Thursday, September 28, 2017

Taking The Knee

The call has gone out from the highest office in the land for professional sports figures to be banned from playing because they, for reasons of their own conscience, choose to kneel instead of standing for the national anthem. This a foolish thing in a long string of very foolish things. 

The call is for spectators to leave the stands and boycott the team unless patriotism is enforced and displayed prominently regardless of individual belief. 

Does anyone realize that mandatory displays of anything are simply displays of nothing? Fear is very different from respect. Compulsory respect is not freedom. 

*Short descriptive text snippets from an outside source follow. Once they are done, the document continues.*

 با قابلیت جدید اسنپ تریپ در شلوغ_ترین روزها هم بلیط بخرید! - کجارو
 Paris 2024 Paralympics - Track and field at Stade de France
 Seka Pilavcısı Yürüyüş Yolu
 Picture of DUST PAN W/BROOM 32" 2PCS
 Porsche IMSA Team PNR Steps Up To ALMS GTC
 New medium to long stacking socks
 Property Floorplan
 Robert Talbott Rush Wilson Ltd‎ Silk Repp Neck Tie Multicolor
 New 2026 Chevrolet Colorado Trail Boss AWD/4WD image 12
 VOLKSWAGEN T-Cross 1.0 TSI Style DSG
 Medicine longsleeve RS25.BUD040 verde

My idea of patriotism and liberty would be this; that every one of the tens of thousands of fans in every one of hundreds of stadiums, speedways and arenas...just one time...kneels with the players before the first note blows from the bugle. For just one single, silent, solitary moment. 

In defiance of tyranny. For the love of country. For the sake of all of us.

Just for one shining moment...

That would be the sound of freedom roaring.

Monday, September 11, 2017

Irma, Florida and a Trailer Park

I watched Hurricane Irma tear up through Florida this week. And through all the bad news I wondered about one guy in a trailer park somewhere in the middle of it.

Tim Joe...I hope you're ok.

Thursday, September 7, 2017

Days Away

I've been on vacation. 

For the last seven years, my habit has been to take couple of weeks off in August and this one was no exception. The difference this time around...there was no FLX Tour de Cure to fill up the first week. You can find that story here if you haven't read it. It's pretty strange.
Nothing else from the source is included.